Can I say how happy I am about Dave Robert’s new term, from his post: Introducing ‘climate hawks’? Three backgrounders on me before we get into it.
The first is that one of the foundational stories about my extended family growing up was how one of my older family members was terribly disappointed he missed the massive 1968 protests of Chicago’s Democratic National Convention. The protests with all the leaders of the Yippies and the New Left. Protests that disrupted a Democratic party ignoring the serious problems in Vietnam. Protests that had 10,000 protestors in total. The protests that ended in what was later termed a “a police riot.” He was so close to being there, but the timing didn’t work out and he had to see, and hear all about, his friends being there instead.
I should clarify that the family member was a police officer, and during the 1968 convention was in training to join the Chicago police force. And growing up I got to hear about how if only he could have joined one class earlier, if not for an accident of year of birth, he could have been there beating hippies with all his friends. And really, with all of America.
So baked pretty deeply into the Konczal habitus is the notion that punching hippies is a form of civic service, like voting or serving on a school board. I can’t particularly help it, but organizing around the idea of making things more “crunchy” gives me a viscerally negative reaction.
However I have an equally visceral and negative reaction to the following two graphs from the IPPC “The Physical Science Basis” (chapter 10, box 10.2), which are warming estimates from the dozen and a half leading models that have tried to predict the increase in temperature from global warming, with all kinds of tail risk floating out there (we discussed these graphs here):
And a third thing: I don’t mean to brag, but as a financial engineer I’ve been at some of the cutting edge of ignoring, hand-waving and justifying away tail risk in a manner profitable to the top 0.1% of Americans and that maximized the social costs to everyone else. So I’m also conscious of that move by elites as well.
So you see the dilemma. Severe warming, impossible to reverse once it has happened, with serious tail risks. But my natural reaction is to hate hippies. What can I do? And how can I think of myself?
David Roberts has the answer: embrace the term “climate hawks.”
A lot of people seemed to mistake the nature of the undertaking. The point is not, emphatically not, to “rebrand environmentalism.” Please kill me if I ever have to listen to another discussion about rebranding environmentalism. The point is not that environmentalists need something new to call themselves, but that the class of climate hawks is not coextensive with the class of environmentalists. They are not the same group. In a Venn diagram, there would be substantial overlap but also substantial … underlap? nonlap? disjoint? Point is, there are plenty of people who understand climate change and support clean energy but do not share the rest of the ideological and sociocultural commitments that define environmentalism as historically understood in the U.S. (Which is fine!)….

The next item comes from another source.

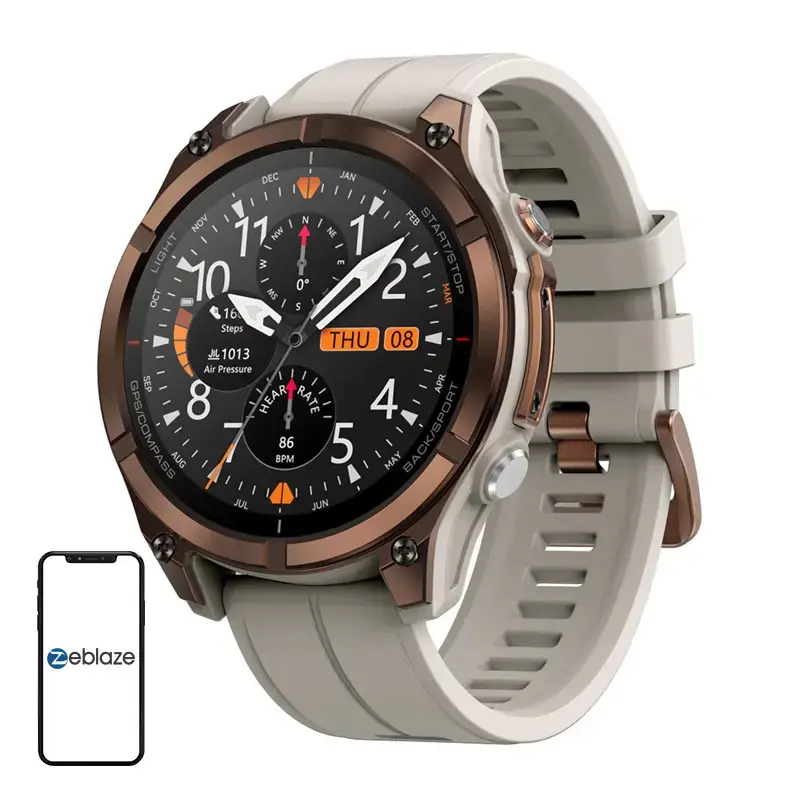 Zeblaze Stratos 4 Pro Smartwatch (Brown)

First and foremost, it doesn’t carry any implications about The Truth. It doesn’t say, “I’m right, you’re wrong. I’m smarter and more enlightened than you.” Instead it evokes a judgment: that the risks of climate change are sufficient to warrant a robust response. By definition, everyone must make such judgments on their own. Rather than being a Manichean choice — you get it or you’re stupid — it becomes about values, about how hard to fight and how much to sacrifice to defend America and her future. That’s the right conversation to be having….

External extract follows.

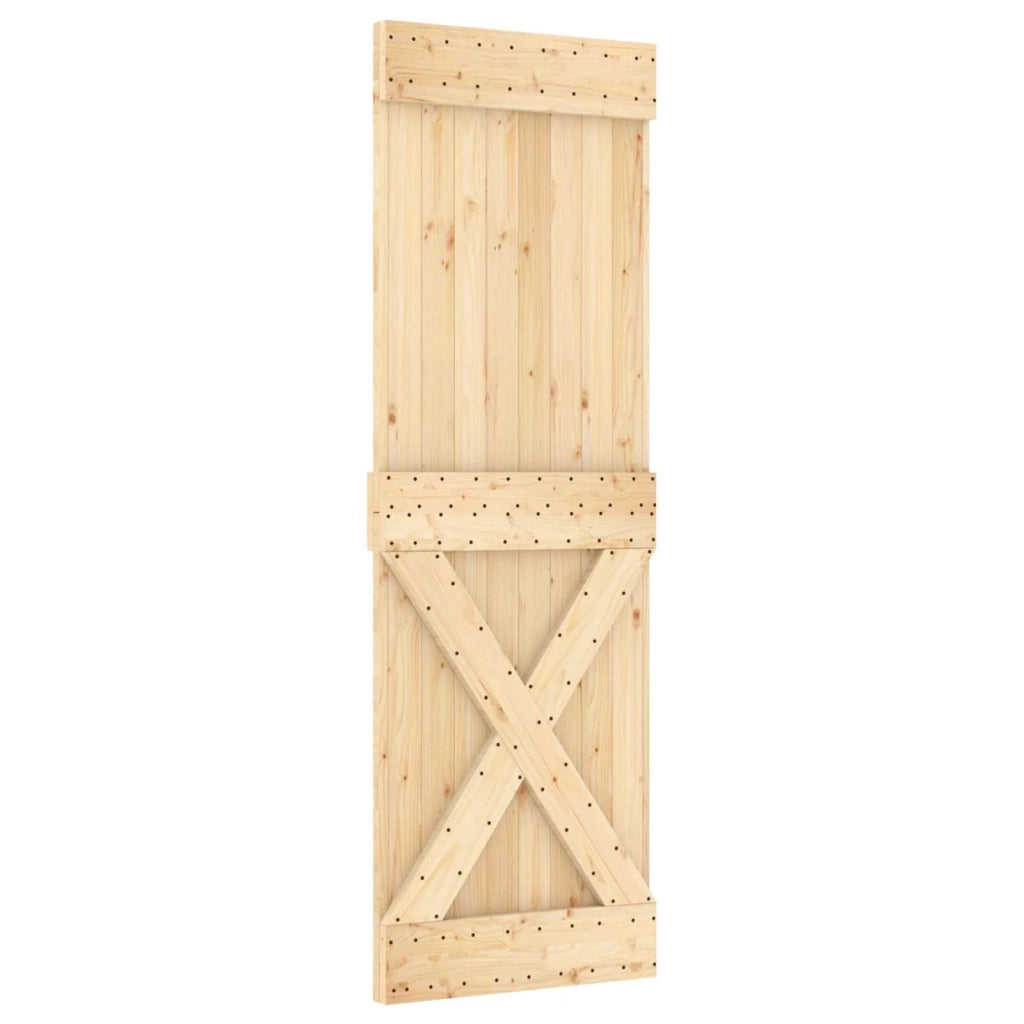 Porta scorrevole Naturale e Bianco 70 x 210 cm 3445188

In foreign policy a hawk is someone who, as Donald Rumsfeld used to put it, “leans forward,” someone who’s not afraid to flex America’s considerable muscle, someone who takes a proactive attitude toward gathering dangers. Whatever you think about foreign policy, is that not the appropriate attitude to take toward the climate threat? Does it not evoke a visceral sense of both peril and resolve, the crucial missing elements in America’s climate response?…
Why not “clean energy hawk”? For one thing, two words are snappier than three and easier to write. For another, it’s important to keep the threat of climate change at the center of the conversation; clean energy is one way of fighting back against that threat, but there are many others. A climate hawk leans forward, wants to attack on as many fronts as possible.
This is all embedded in the term, and that’s the other advantage: the meaning is immediately clear. No explanation required. It will strike people as something they already are, not something they have to be persuaded to become. It may not appeal (as much) in other countries, but most everybody gets what it means. It is shallowly descriptive enough to capture the desired referent class, but at the same time normative enough to evoke some of the right values.
This is all fantastic. I also like it because the flip-side of it, climate doves, are the right representation for those who acknowledge warming but fail to see serious problems about it. Usually the answer is couched in how growth will fix every single imaginable problem, even problems we are already having trouble dealing with in rich countries that will only get much, much worse (changing nature of water collection, massive global population displacement, flooding and natural disasters, etc.). “Hey, let’s just keep doing what we were doing, and we’ll be so rich and happy things will just take care of themselves” is the response of climate doves, and it’s the response of doves everywhere on all dovish topics.
But that kind of naïvety won’t work for serious climate hawks. And we are very serious, and deserve to have the debate framed around us, because we are climate hawks!